**What is needed:**
A copy of the listing below is needed, exact in every line and without images.

**Data extract:**

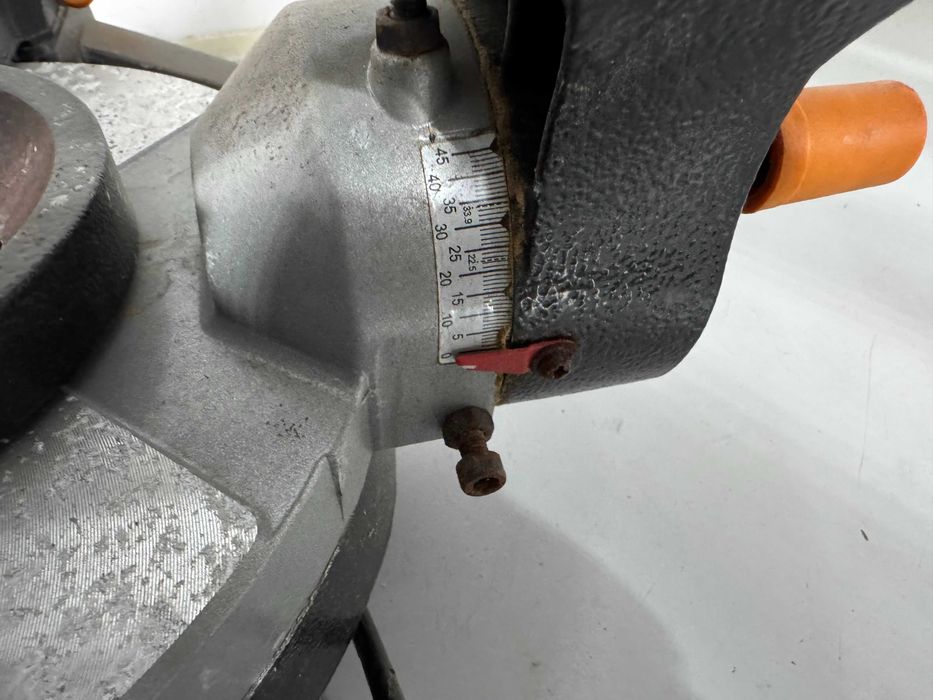 Циркуляр пендула - Evoulution 1500W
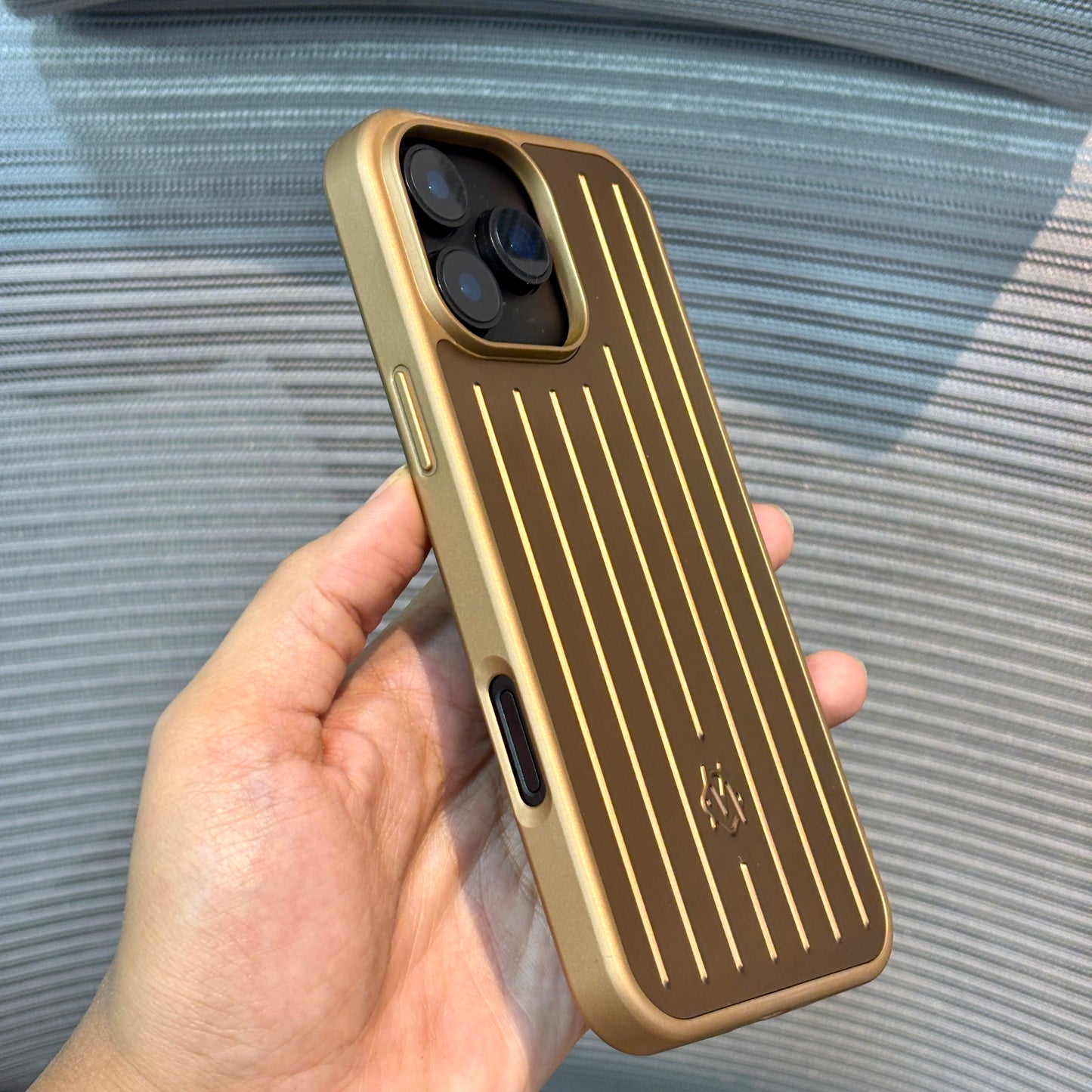 GrooveShield Aluminium iPhone 16 Pro Case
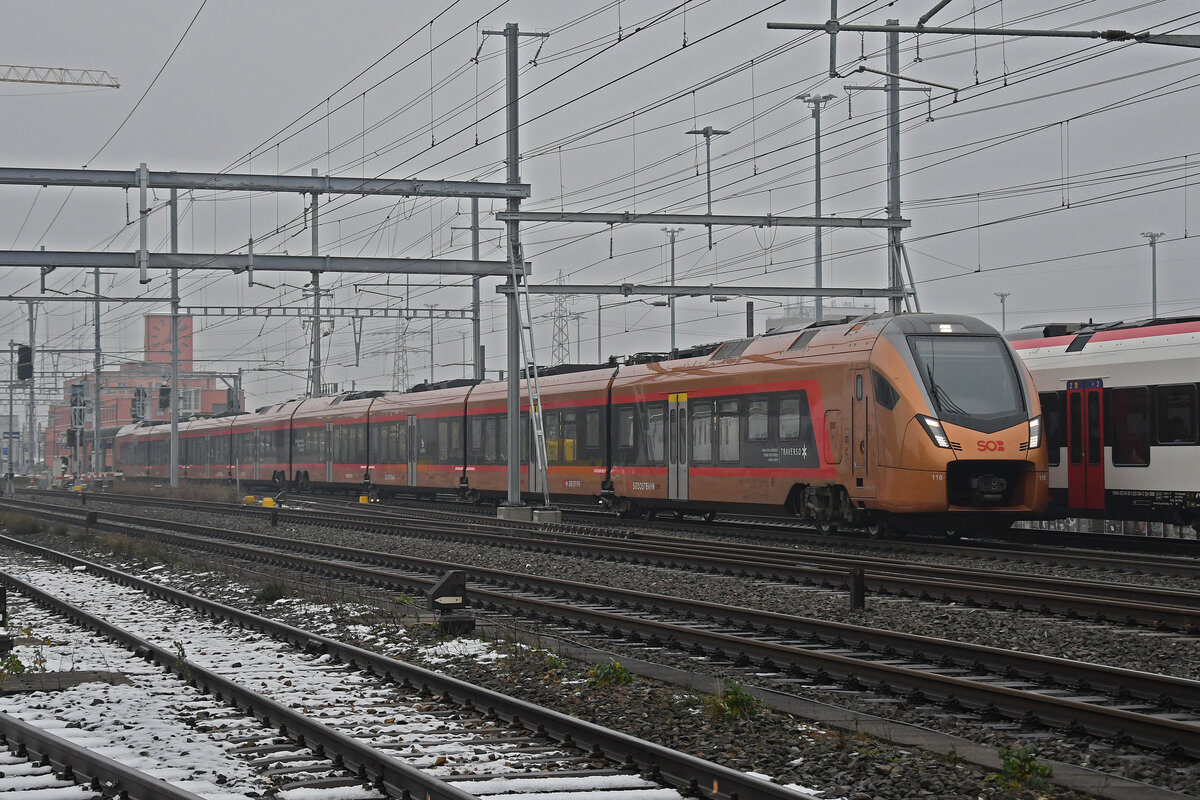 RABe 526 118 Traverso der SOB durchfährt am 15.12.2022 den Bahnhof Muttenz.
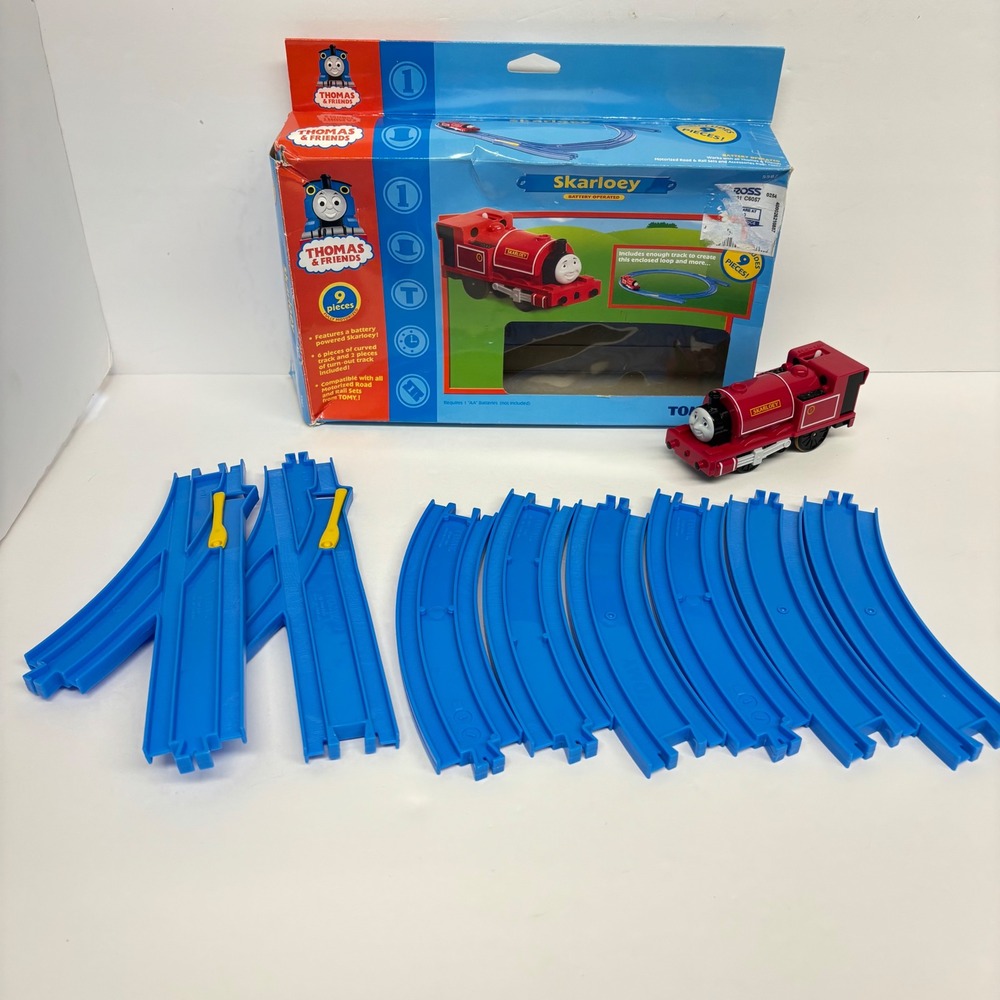 Tomy Thomas & Friends Skarloey Motorized Train Tracks Battery Set 2005 HIT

**Solution to the problem:**
 Циркуляр пендула - Evoulution 1500W
 GrooveShield Aluminium iPhone 16 Pro Case
 RABe 526 118 Traverso der SOB durchfährt am 15.12.2022 den Bahnhof Muttenz.
 Tomy Thomas & Friends Skarloey Motorized Train Tracks Battery Set 2005 HIT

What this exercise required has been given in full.